Leo(A Sign of Love Novel)(27)



"I slept at a shelter downtown one night but an old man tried to crawl into my cot with me in the middle of the night and someone stole the pair of shoes I had left at the end of my bed before I went to sleep. I couldn't risk someone stealing the money I had saved for an apartment, which I was carrying all in cash. I would have been right back where I started and that was unthinkable."

I glance at Jake and there is a hard look on his face, his jaw clenching. I go on anyway. I don't feel like I can stop myself now.

"At the end of that month, I had enough money for a security deposit at any one of the apartments I had looked at. I called around and found the one that I could move into that day. I slept on the floor using my backpack as a pillow and a ratty, pink blanket I had had since I was a kid, until I could afford some used furniture. I got my GED that next year since I had moved out and started working before I graduated."



He is still listening intently to me and he takes my hand and squeezes it, giving me a small reassuring smile, although his face remains tense under it and there's something behind his eyes that looks like heartbreak.

I take a huge sip of wine. While I've been talking, Jake has slowly been working and now two seasoned steaks are in a pan on the stove and he's cutting several red potatoes into quarters that he's just rinsed in the sink on the counter in front of him.

"Want me to do that?" I ask nodding towards the potatoes.

"No, I want you to sit there and relax and sip your wine and talk to me," he smiles now, his face relaxing.

"You've been through so much, Evie," he says, glancing up at me with sad eyes.

"Yeah, but the thing is, in some ways I'm lucky for it."

He frowns, "How so?"

"Well, how many people do you think walk into their apartment at the end of the day, small and simple as it may be, and look around and feel like one of the luckiest people in the world? How many people truly appreciate what they have because they know what it feels like to have absolutely nothing? I went through a lot to get where I am and I don't take anything I have for granted, ever. That's my reward."

He's looking at me intensely, a fire in his eyes that almost looks like pride. I don't exactly understand it, but I appreciate it. Finally, he says quietly, "I never would have thought to look at it that way."

We're both silent for several minutes as he puts the potatoes in a bowl and pours in some olive oil and then opens a drawer and starts pulling out spices and tossing those in the bowl as well. Then he mixes it all with a spoon and pours the mixture on a baking sheet.

He turns to the stove and as he's turning the dials and putting the baking sheet in the oven, I watch his back muscles flex under his t-shirt and check out his amazing ass and wonder what it is about a man in jeans and bare feet that is just so damned sexy.

I take another huge gulp of wine.

He takes a bagged Caesar salad out of the fridge and brings it back to the counter, winking and saying, "Not everything home made. Don't hold it against me."
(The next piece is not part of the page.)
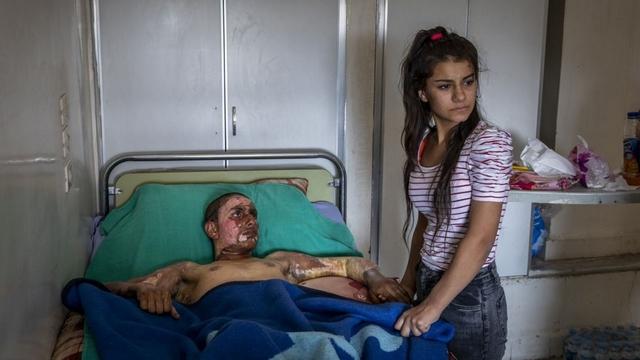 Injured Kurdish Fighter Receives Hospital Visit, by Ivor Prickett - Read Photos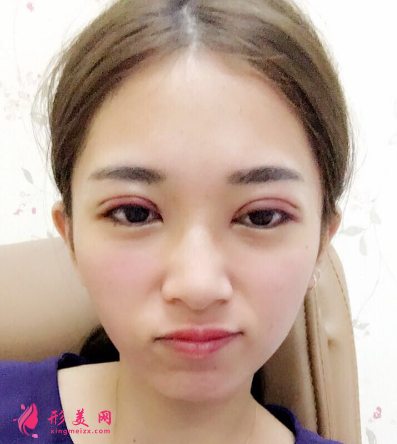 武汉韩辰整形医院李相奇双眼皮案例 武汉韩辰整形医院李相奇双眼皮案例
I laugh. "Please. I'm already completely impressed."

"Reserve that until you've tasted everything," he grins and the mood seems to have lightened.

He turns the steaks over and as he's mixing the salad in a bowl, he says, "Evie, the eulogy you gave for your friend, Willow. Tell me about that." He looks up at me and his eyes are sharp, focused.

"I'm talking too much about myself, again. How does that happen every time I'm with you?"

"Indulge me, you're fascinating to me."

I roll my eyes. That's me - fascinating. But I answer him anyway. "I used to tell Willow stories when we were kids and lived together in foster care. She loved them and even after we were adults and I would go over and clean her up from whatever mess she had gotten herself into; drug hangover, shit kicked out of her by a boyfriend, whatever." I wave my hand, trying to banish the images that immediately assault my brain. "Even as an adult she would ask me to tell her one of her stories. She would ask for them by name, even in a completely inebriated state sometimes."

"Sounds like she felt special in the ownership of them. She probably didn't have ownership of a lot. That's beautiful, Evie." Jake says gently.

I stare at him silently for a minute because that is beautiful when he puts it that way.

But I say, "In the beginning, it was just stupid kid stuff. I had a vivid imagination," I laugh but it sounds hollow even to my own ears.

"It came in handy. Just a kid trying to comprehend the incomprehensible, you know?"

He nods as if he understands, which of course he doesn't but it's nice anyway. It's so hard to explain growing up in foster care to someone who has no concept of that type of childhood. Of course, Jake hasn't told me anything about his own childhood so I don't know what his upbringing was like. Obviously his family has money though so it was eons apart from mine, at least in that respect.

"Will you tell me about Leo?" he says.

I take a sip of my wine. "Jake, I've shared a lot tonight and it felt good and that surprises me because I don't make it a habit of bringing up my past very often, but can we save Leo for another time? Is that okay?"

I don't tell him that I'm struggling a little bit with the feeling that I'm betraying Leo somehow, even though rationally I know that's ridiculous. He threw me away a long time ago, and he's not even of this earth anymore. I cringe inwardly with the thought.